During a bull market, the critical fiduciary success factor is connecting with a client’s mind. During crises, the critical factor is connecting with the client’s heart.
1. Fiduciary is a relationship, not a transaction. You’ve learned that a quarterly performance report can’t paper over a client’s emotional voids.
2. ESG/SRI is now an integral part of a fiduciary standard. Before the crisis, you often heard that the inclusion of ESG/SRG could trigger a fiduciary breach. Now the opposite is true — having a discussion with a client about impact investing is considered a fiduciary best practice.
3. The 3 F’s have been supplanted by the 3 P’s: You can no longer define your value proposition in terms of fiduciary, funds and fees. Instead, the imperative is that you demonstrate your capacity for purpose, passion, and process.
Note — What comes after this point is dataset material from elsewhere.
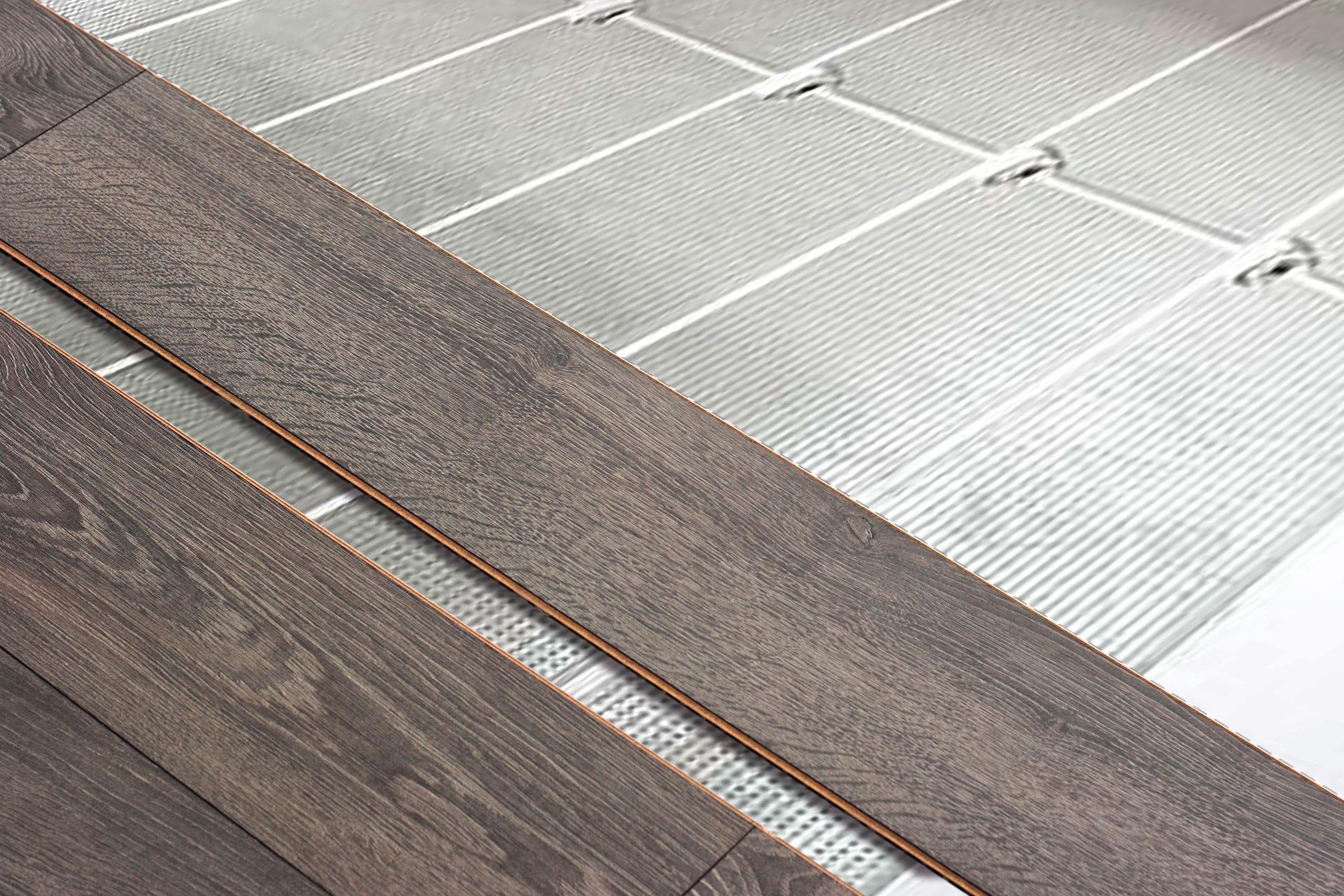 Detailansicht der Installation eines Modul-Klimabodens als Fußbodenheizung unter dunklen Laminatdielen im Holzlook.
4. It’s now easier to spot the disingenuous fiduciary. What matters during a crisis is compassion, character and competence. As such, a broker who acts like a fiduciary is far more preferable than a fiduciary who acts like a broker.
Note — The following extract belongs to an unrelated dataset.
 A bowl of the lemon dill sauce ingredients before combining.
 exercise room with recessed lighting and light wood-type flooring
5. You have a fiduciary duty to harden clients for a VUCA world. We‘ve had to come to grips with the fact that we live in a volatile, uncertain, complex and ambiguous world. It’s now harder to model the risk/return profile of asset classes and to conduct the appropriate due diligence on investment options.
6. You’ve learned the importance of connectivity and having a communications cadence. Whatever the frequency of your communications with clients before the crises, during the crises you probably had to double it.
7. What clients needed during the crises couldn’t be found in Reg BI. A crisis is the absolute worst time to ask a client to sign a complex disclosure, for complexity often inhibits the formation of trust.